Arrière-goût qu’a par exemple résumé un des élus lorrains du PS, Michaël Weber, maire de Woelfling-lès-Sarreguemines (Moselle) en se disant „amer“ de voir Jean Rottner „quitter ses fonctions dix-huit mois seulement après son élection“, pour un mandat qui courrait normalement jusqu’en 2028. „On ne connaissait pas trop les raisons de son départ, mais maintenant on sait“, a-t-il ajouté: „Il avait une opportunité professionnelle avec un meilleur salaire et sans doute moins d’ennuis. Mais je pense que quand on a un engagement politique, on le mène jusqu’au bout, on ne trompe pas les électeurs.“

Les élus régionaux ne placent pas seulement l’affaire sur le seul terrain de l’élégance morale. Ainsi d’Eliane Romani, chef de file du groupe écologiste, pour qui, outre que „cette annonce vient un peu vite, ce qui laisse penser que c’était déjà conclu depuis un certain temps“, le démissionnaire „utilise le réseau qu’il a acquis dans ses fonctions publiques pour aller servir une organisation privée qui a des rapports avec les collectivités“.

Même tonalité dans le groupe macroniste Renaissance du Conseil régional, comme l’explique le maire centriste de Maxéville (Meurthe-et-Moselle), Christophe Choserot, pour qui M. Rottner „part avec une quantité de données territoriales importante, alors qu’on était en plein révision du schéma régional d’aménagement. Il sait exactement quelles vont être les modifications de ce schéma, les atouts et les difficultés des territoires, ce n’est pas rien. Peut-être qu’un jour, en tant que maire, je devrai le recevoir pour tel ou tel projet … C’est troublant!“

„Ça ne le faisait plus rêver“

En septembre, cependant, la Haute Autorité pour la transparence de la vie publique (HATVP), saisie deux mois plus tôt par M. Rottner lui-même, avait rendu un avis „compatible“, quoique „avec réserves“, à sa reconversion. Elle estimait „ne pas disposer d’éléments de nature à faire douter du respect, par l’intéressé, de l’exigence de prévention des conflits d’intérêts“. Mais elle soulignait néanmoins „la nécessité d’encadrer les futures relations professionnelles“ de M. Rottner et invitait ce dernier „à s’abstenir, dans le cadre de son activité privée, d’accomplir toute démarche auprès des élus et des agents de la région Grand Est“, ce dont elle comptait assurer une surveillance régulière de trois ans.

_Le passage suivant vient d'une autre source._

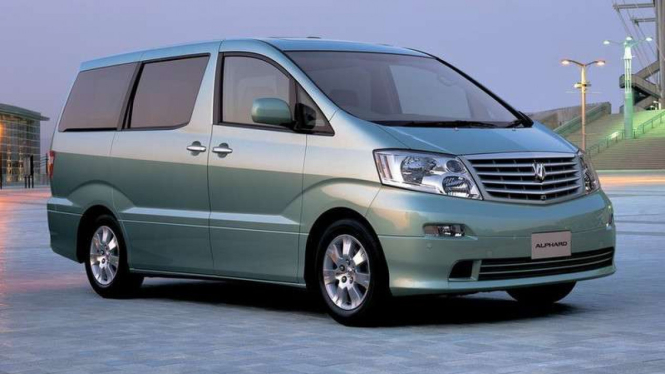 Alphard 2002.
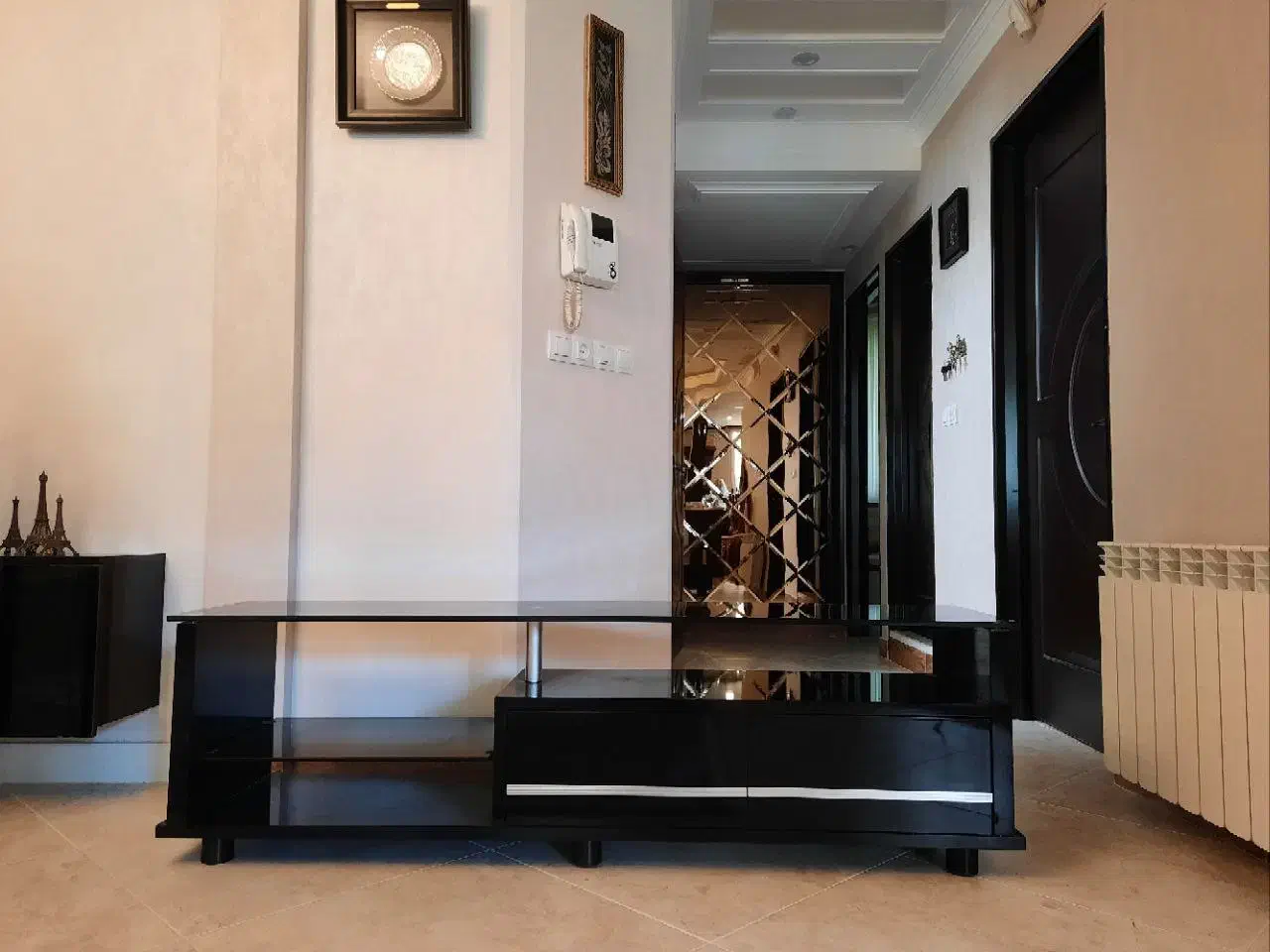 میز زیر تلویزیون ترکیب شیشه و های گلس مشکی|میز تلویزیون|بروجرد, |دیوار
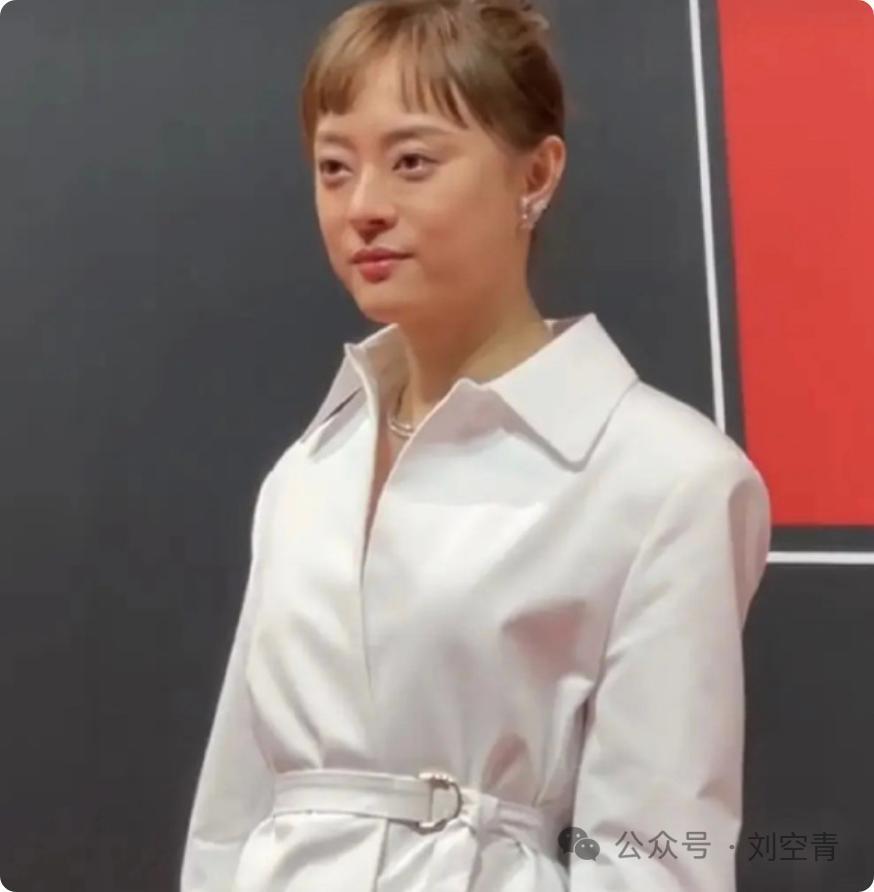 她现在的脸，好疲惫啊……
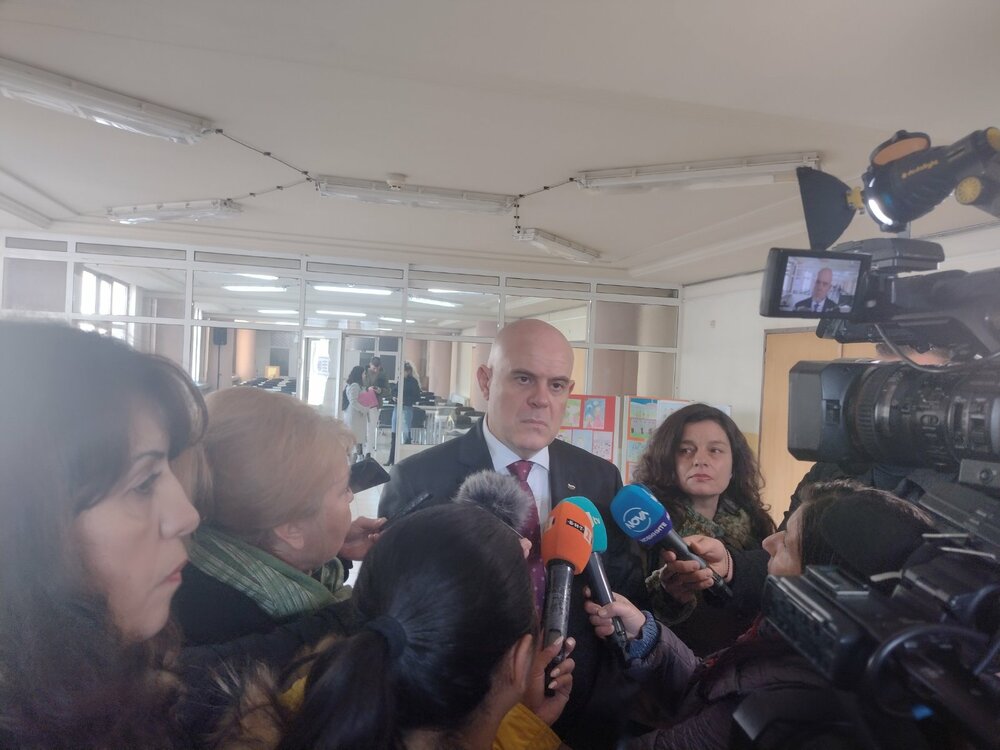 Главният прокурор Иван Гешев пред журналисти във Велико Търново: Не можем да допуснем зловредно руско влияние в България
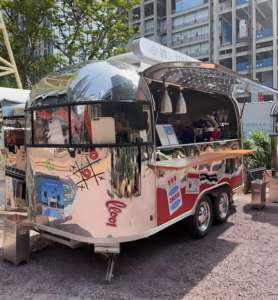 Food Truck du Metaverse avec des créations d'art NFT, des objets numériques à collectionner et un menu fusionnel réel pour les événements Web3 - Product Image 4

Bref, si l’intéressé peut se prévaloir de ce feu vert de la Haute Autorité, au demeurant réticent, celle-ci semble toutefois lui mesurer sa confiance. Son successeur à la tête du Conseil régional du Grand Est sera désigné à la fin de la semaine prochaine; il pourrait s’agir de Franck Leroy, premier vice-président de la région et maire d’Epernay (Marne), proche de l’ancien premier ministre Edouard Philippe. Le député lepéniste Laurent Jacobelli est également candidat.

„Que voulez-vous, la politique ne fait plus rêver Rottner“, explique, fataliste, un de ses amis. Désamour qui, y compris sur le plan financier, relève certes de son droit le plus strict, mais ce n’est sans doute pas avec ce genre d’exemples que les politiques feront à nouveau rêver les électeurs.